The answer requires us to confront patriarchy, the system of institutionalized male dominance, in which men continue to use sex and violence to control women, a strategy not only widespread in everyday life but celebrated in the routine sexual objectification and exploitation of women in mass media and the sex industries of prostitution, pornography, and stripping. How does a society come to terms with inequality woven so deeply into the fabric of everyday life? We can’t expect to advance a challenge to patriarchy by coddling the patriarchal mind.
Conclusion
I have spent my entire adult life working as either a journalist or a professor; I have both principled and practical reasons for caring about freedom of expression and academic freedom. I also have been on the receiving end of attempts to limit the scope of debate because of arguments I’ve made that have challenged the conventional wisdom of both conservatives and liberals. My antiwar writing after 9/11 led to a phone/letter campaign to get me fired, and more recently my critiques of the ideology underlying the transgender movement have led to protests of public lectures I’ve given.

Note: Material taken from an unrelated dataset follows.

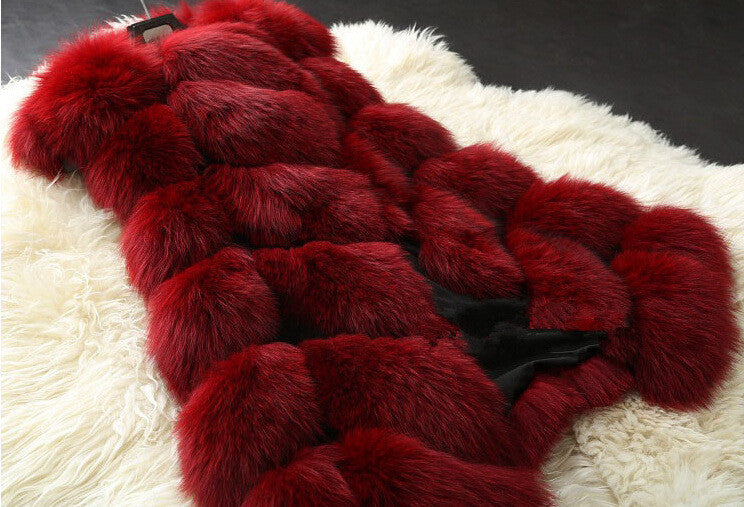 Winter Coat Women Fur Vest With a Pocket High-Grade Faux Fur Coat Leisure Women Fox Fur Long-Dollar Bargains Online Shopping Australia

In my career, I have observed the routine way that serious challenges to concentrated wealth and power are marginalized in academic life. I also have witnessed exchanges in which accusations about class/race/gender oppression are hurled without supporting evidence and moments when potentially productive exchanges are cut off by people who think that invoking jargon ends an argument. A phrase such as “check your privilege” can be an important reminder that people from dominant groups should think about how unearned status can limit our understanding of power dynamics, but it also can turn into a cliché that shuts down conversation.
So, my remarks today are not intended to ignore the difficult struggles on campuses over questions of intellectual openness and honesty. When does merely offensive speech becomes oppressive? When should one person’s freedom of expression, no matter how offensive, be defended and when does a pattern of abusive expression clearly undermine the ability of others to participate fully in a classroom discussion? How do we encourage challenges to widely accepted theories and doctrines? How do we model civil, respectful intellectual debate when those debates are not merely academic but have serious effects on participants in the debate? When should we offer students some kind of shield from the corrosive aspects of contemporary culture and when is it important for all of us to face the worst of the culture?
My remarks are intended to suggest that any discussion of how to approach these issues should first contend with the systems and structures of power that create the hierarchy, inequality, and violence at the heart of these struggles. After nearly three decades in academic life, I am more aware than ever of how difficult it is to resolve these questions and how easy it is for all of us to feel overly confident about our own conclusions. Still, I am confident in asserting that crafting intellectually defensible policies requires us to never stray too far from the reality of those systems and structures of power.